* **Entries supplied**
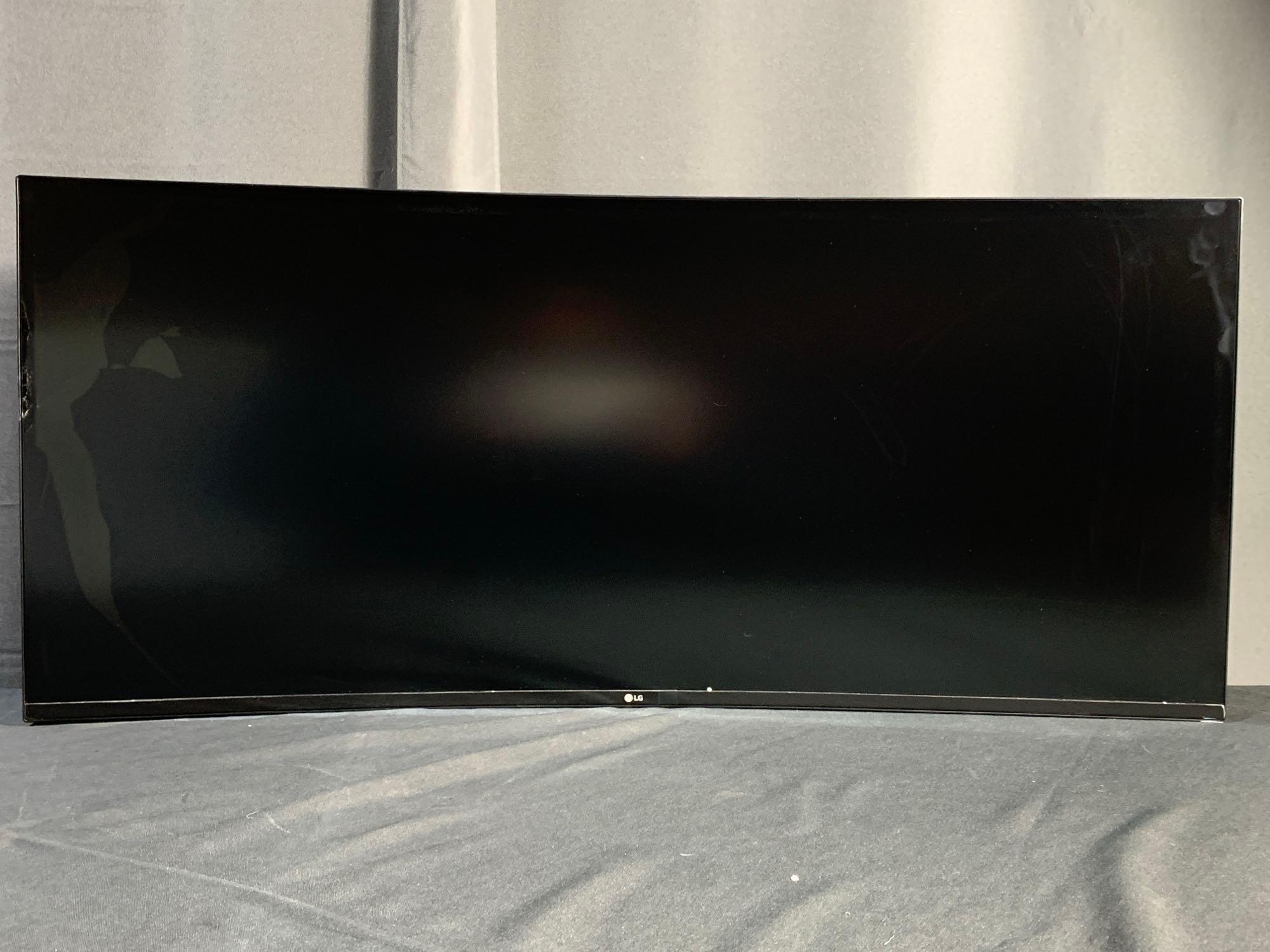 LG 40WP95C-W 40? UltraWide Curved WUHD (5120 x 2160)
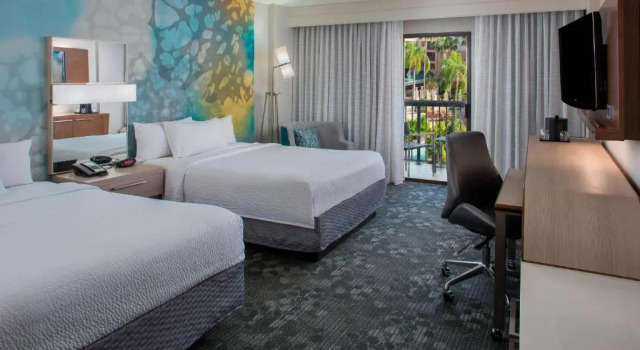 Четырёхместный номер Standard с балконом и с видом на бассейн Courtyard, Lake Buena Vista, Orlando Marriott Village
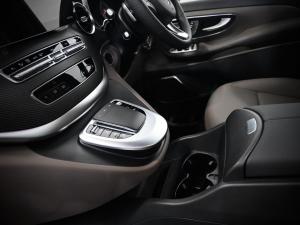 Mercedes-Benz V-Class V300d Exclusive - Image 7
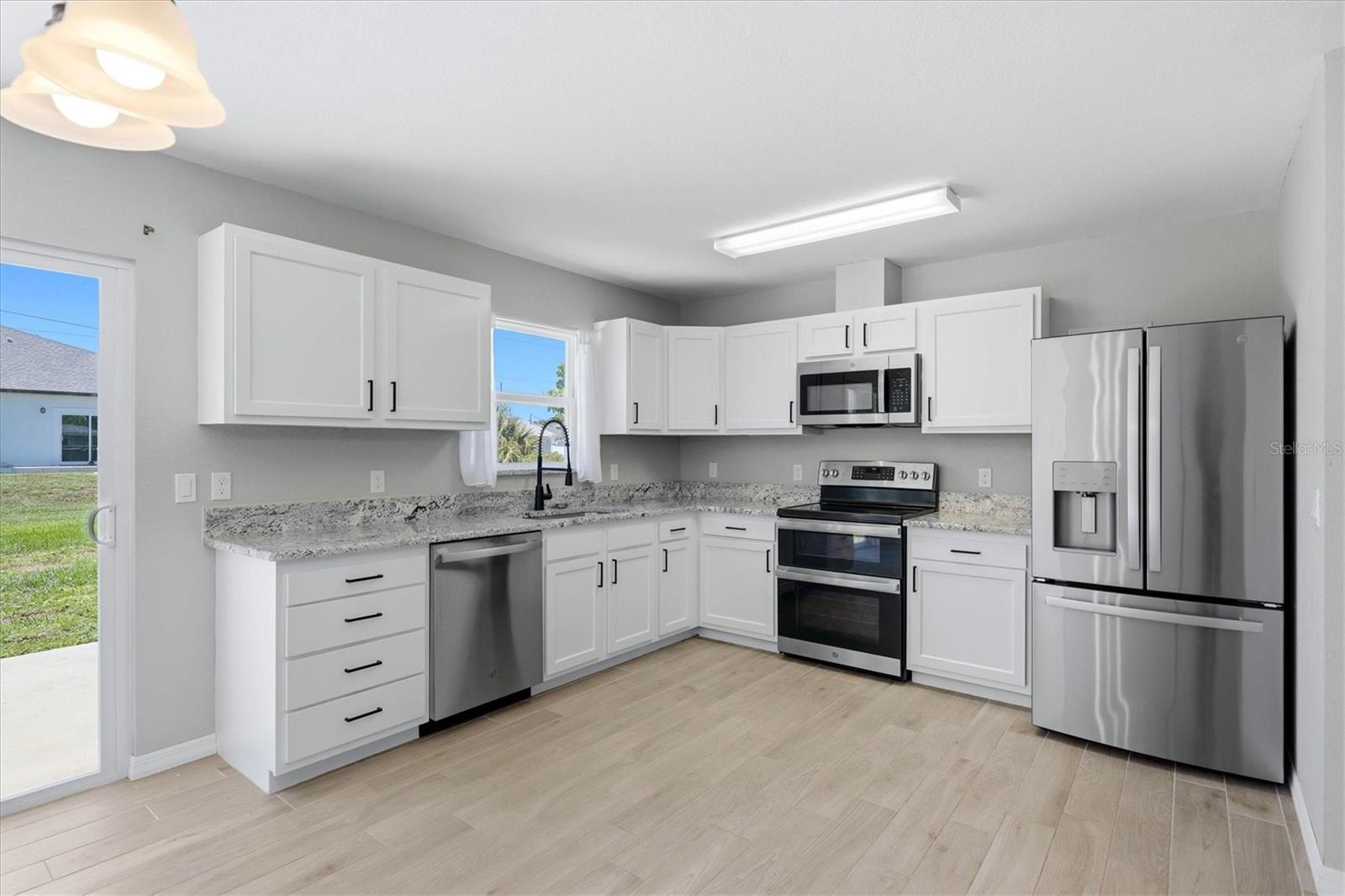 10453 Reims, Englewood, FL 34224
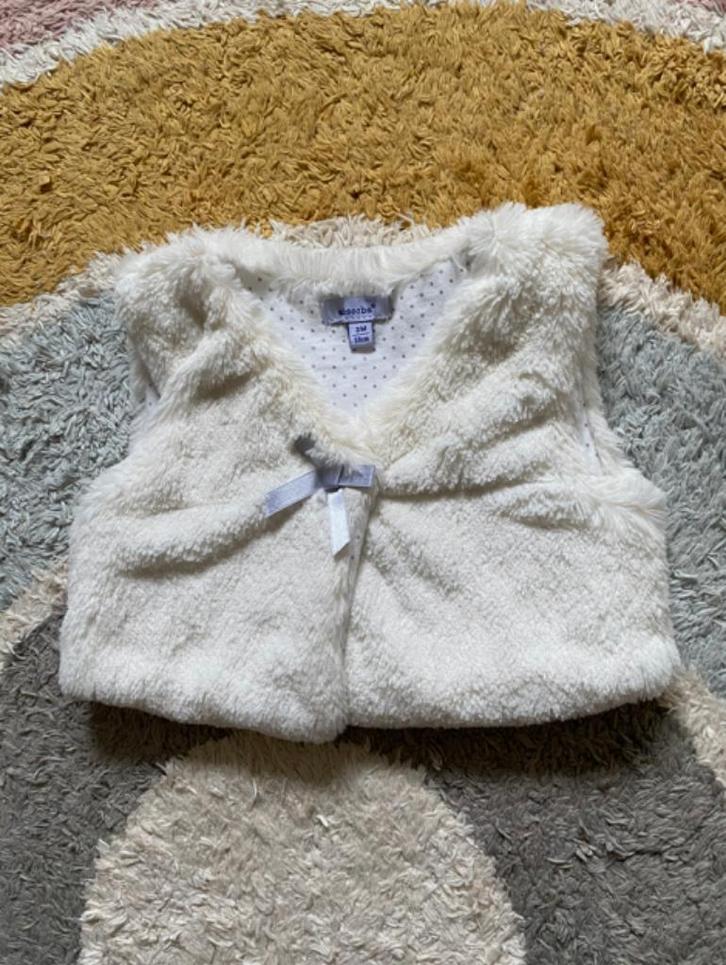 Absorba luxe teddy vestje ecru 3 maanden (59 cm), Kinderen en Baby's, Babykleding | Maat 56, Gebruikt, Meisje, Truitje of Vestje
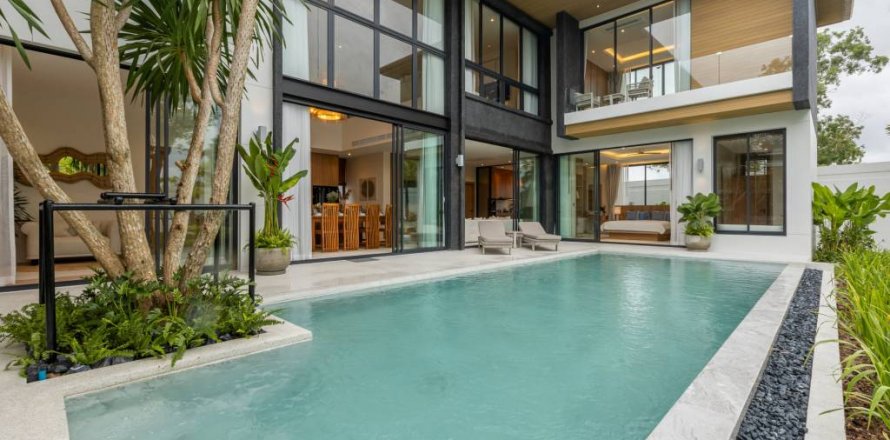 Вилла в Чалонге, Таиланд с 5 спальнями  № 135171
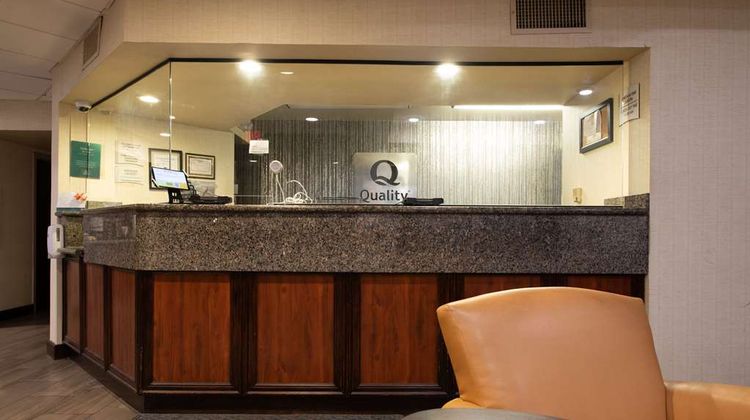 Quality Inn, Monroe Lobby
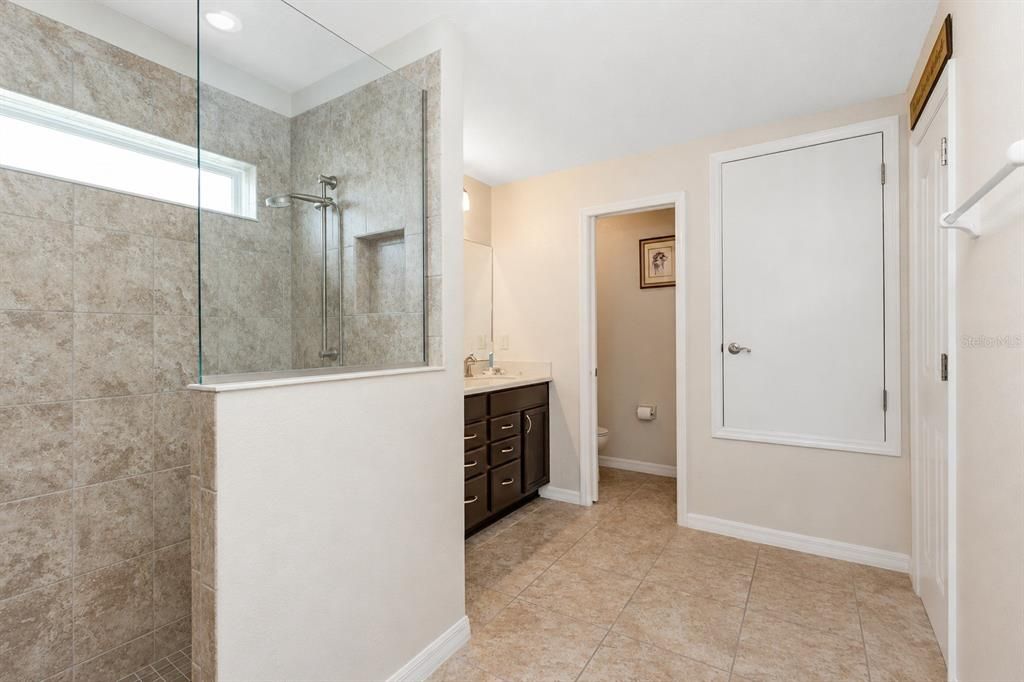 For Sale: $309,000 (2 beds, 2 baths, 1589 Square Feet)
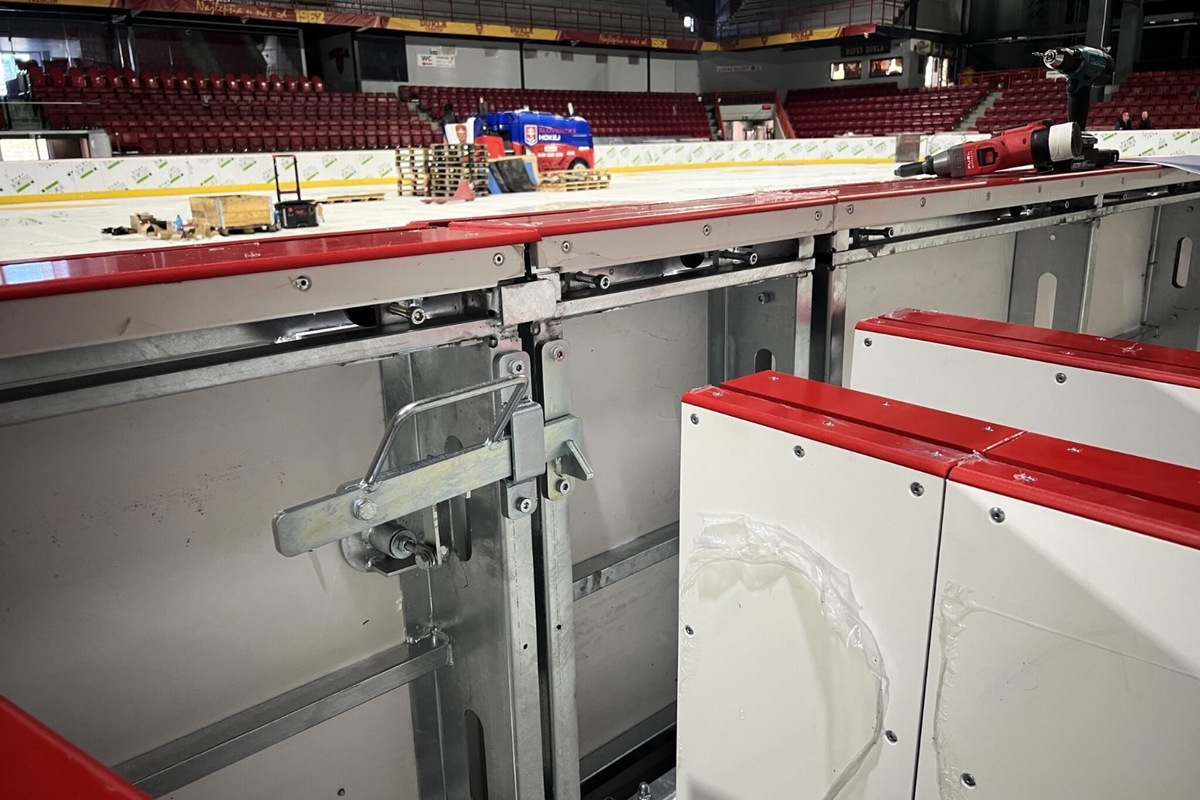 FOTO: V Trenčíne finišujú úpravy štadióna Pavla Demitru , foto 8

* **Problem statement**
What you set down should be exactly the lines from the line containing "Вилла в Чалонге, Таиланд" to the last line of the entries above, both included, with no pictures.

* **Response to the task**
 Вилла в Чалонге, Таиланд с 5 спальнями  № 135171
 Quality Inn, Monroe Lobby
 For Sale: $309,000 (2 beds, 2 baths, 1589 Square Feet)
 FOTO: V Trenčíne finišujú úpravy štadióna Pavla Demitru , foto 8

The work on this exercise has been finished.